Not hard to understand at all ...

Under the right circumstance, Doug could have helped the team; like signing him at the BEGINNING of the year!!!?? Not after you have destroyed Corey's game and can't trade him for your son --- everyone, including the players is aware of that.

Doug is a veteran who has been around the league and around a lot of coaches. He knew he wasn't openly accepted by the team, that his being here took minutes from those that were hardly getting minutes, that he should been used as insurance and not being seen as taking someone's job, and it caused friction and resentment. 
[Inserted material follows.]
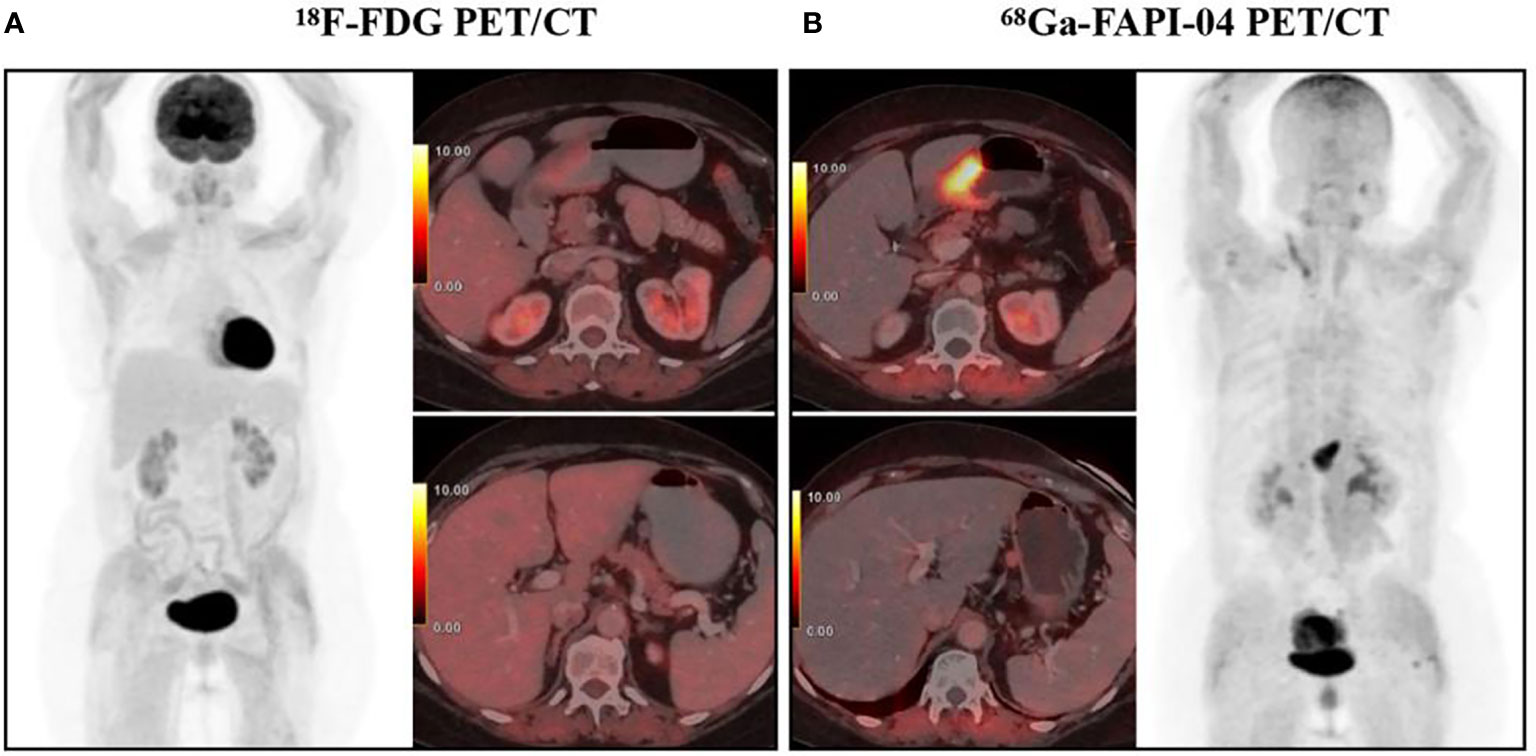 PET Imaging of Fibroblast Activation Protein in Various Types of Cancer  Using 68Ga-FAP-2286: Comparison with 18F-FDG and 68Ga-FAPI-46 in a  Single-Center, Prospective Study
Dunleavy seems to have no idea regarding how fragile team chemistry is and CONSTANTLY does things to sabotage this team (Doug could see that). I refuse to believe any longer that Dunleavy is as dumb and stupid as he seems; something else is going on.

In this situation, DOUG WAS THE BETTER PERSON. Take care Doug.


----------



## leidout (Jul 13, 2005)

*Re: Christie will not return*

Is there any hope that we'll see Ross & Maggette back full time now? .....nope.


----------



## cadarn (Feb 1, 2006)

*Re: Christie will not return*



Dynasty Raider said:


> Not hard to understand at all ...
> 
> Under the right circumstance, Doug could have helped the team; like signing him at the BEGINNING of the year!!!?? Not after you have destroyed Corey's game and can't trade him for your son --- everyone, including the players is aware of that.
> 
> ...


good to see we have a clairvoyant on this board.


----------



## Weasel (Oct 18, 2003)

*Re: Christie will not return*

His wife didn't like the attention Doug was getting from all the beautiful women in LA. 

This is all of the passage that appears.